Your foundation starts with keeping more of the money you make. Second, you protect what you’ve built. Finally, you increase your income to create time and money freedom and expand your legacy.
Insurance fits in the protection stage. With it, your livelihood is no longer at risk, but secure, regardless of the life circumstances you face.
Your protection is like a roof on your financial house. When the shingles are sufficient and cover the whole house, it keeps storms outside your house, preventing them from getting inside and destroying your belongings. Similarly, when you have adequate insurance protection, your income and assets you’ve built are safe from financial storms that may occur in your life.
Everyone Wants Insurance
Let’s address one misconception so we can start off on the same page. The truth is that everyone wants insurance and as much of it as they can get.
Why?
If it were free, how much would you get?
You and just about everyone else would want it all. I think the lines would be even longer than the ones camped outside a new Chick-fil-A grand opening that give the first 100 a year of free chicken sandwich meals.
Now, we all know that we can’t get something for nothing. No insurance company would agree to that arrangement, because it’s unsustainable. They’d always lose money, go out of business, and that would put you right back in the same position of having no insurance.

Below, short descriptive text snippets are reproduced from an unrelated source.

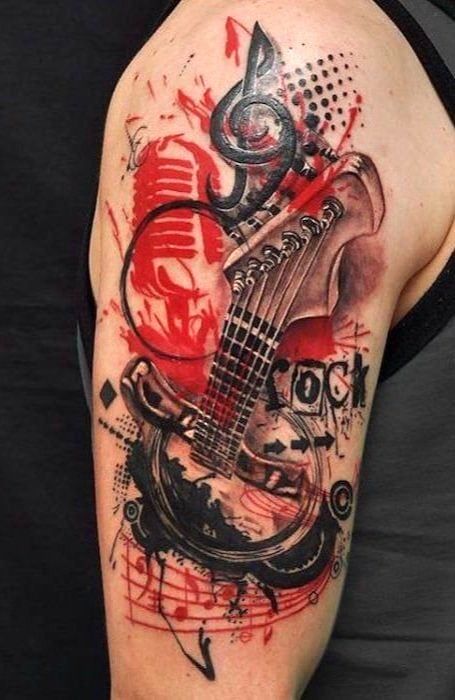 100 Cool Music Tattoo Design Ideas & Meaning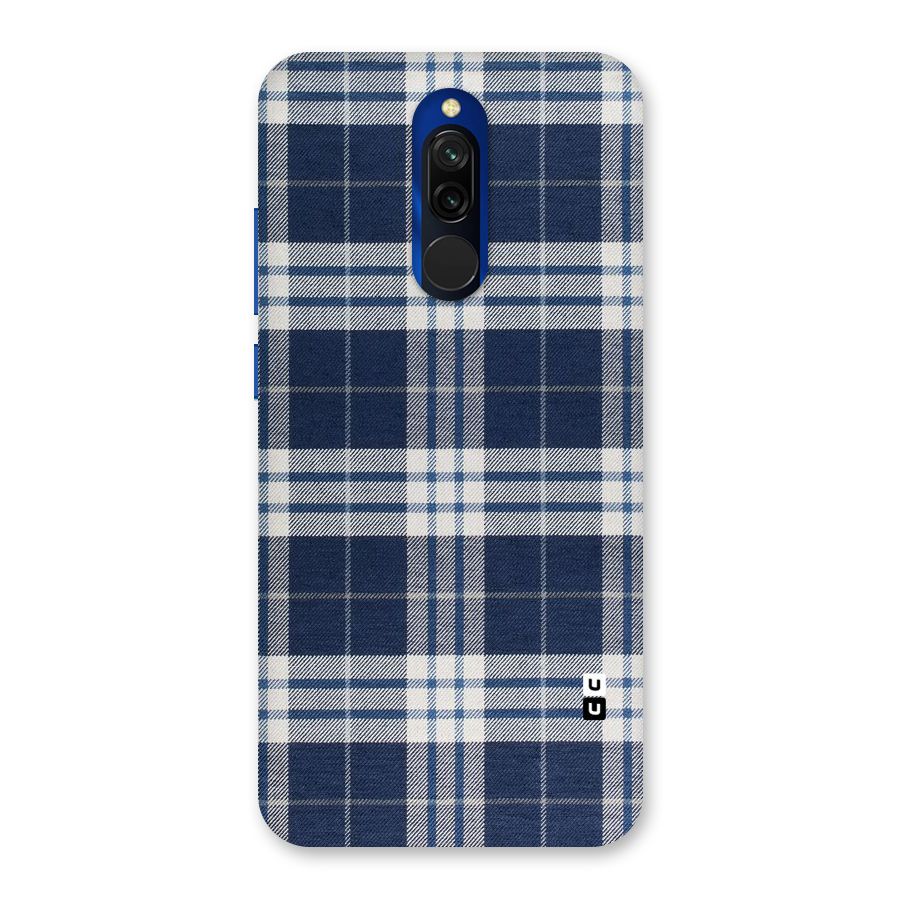 Blue White Check Back Case for Redmi 8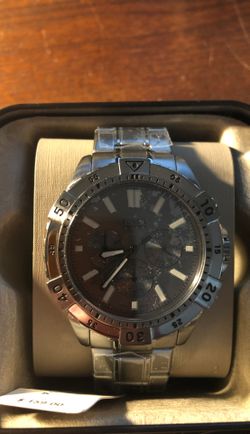 Fossil Garrett Chronograph Smoke Stainless Steel Watch New In Box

Because there’s a cost to transfer risk, you now have to decide if it’s worth it to you.
Perception of Cost vs. Reality
On the surface, it appears there’s a positive correlation between the amount coverage and the cost. When the amount of insurance goes up, so does the price tag. Logically then, the way to achieve the lowest cost would be to have the least insurance.
Given that perspective, most people run the cost-benefit analysis throughout their life to calibrate how much coverage to have at any given point in time. They carefully measure needs and weigh the benefits and costs like two kids on an old-fashioned see-saw, looking for equilibrium. Do the benefits outweigh the costs or is it the other way around?

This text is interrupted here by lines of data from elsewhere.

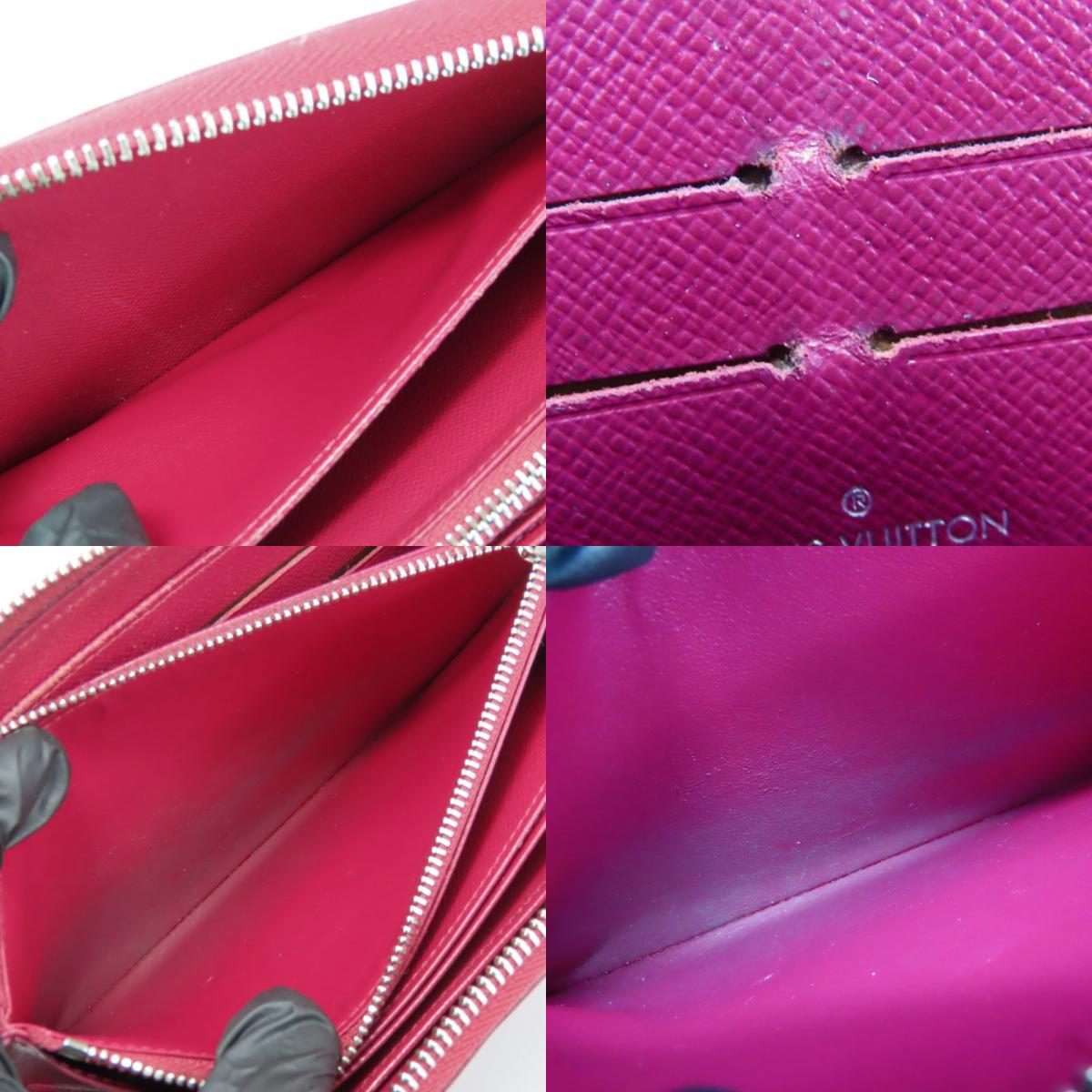 中古 長財布 ジッピーウォレット M61858 エピレザー フューシャ ボルドー シルバー金具 ラウンドファスナー 小物 普段使い レディース 女性 中古 長財布 ジッピーウォレット M61858 エピレザー フューシャ ボルドー シルバー金具 ラウンドファスナー 小物 普段使い レディース 女性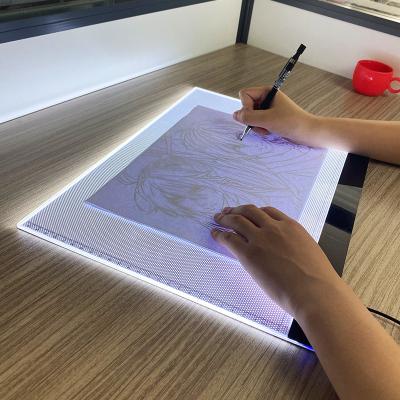 China high quality ultra thin dimmable acrylic base thin x-ray illuminated discovery drawing board led light protection A3 42*30*0.4cm (A3) for sale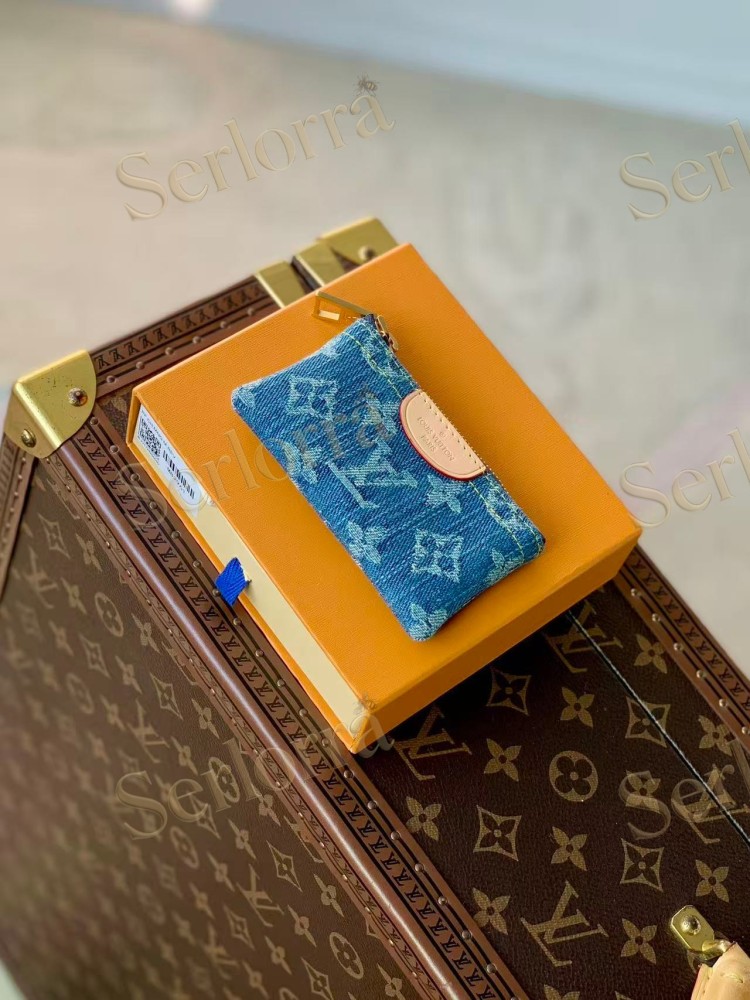 LOUIS VUITTON DENIM KEY POUCH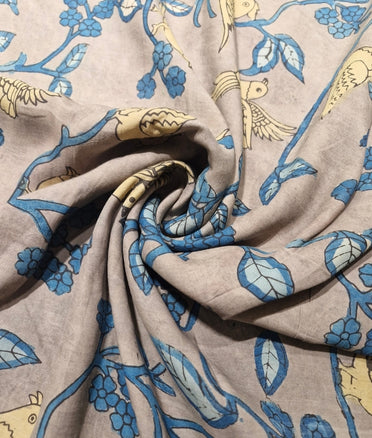 Pen Kalamkari - Ash Grey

But that’s not the whole story. Most don’t see the big picture because of the opportunity costs that lurk just out of view.
Let’s dive into the heart of the matter so that we can gain some clarity in our decision-making.
The Panoramic View
As with all parts of your financial life, the whole system is more important than the individual components. To make sure each piece fits the larger purpose of your life, let’s come back to the big picture of an optimized personal economy that’s in your control.
You’re earning, spending, giving, saving, and investing from a perspective of abundance. You know that you have everything you need and that you create wealth by serving others.
Because you protect what you have built, you have future guarantees that your assets and cash flow will be there for you.
You find and fix the places where money is leaking out of your control so that you keep more of the money you make.
And, you’re accelerating wealth by earning cash flow from your assets.
Previously in This Series
This series outlines the 11 reasons why you want to protect your money. If you haven’t seen the first seven reasons, check out the prior posts:
In Why You Want Insurance Part 1: Insurance Transfers Risk, we discussed what insurance does. The job of insurance to contractually intercept the financial risk of adverse life events.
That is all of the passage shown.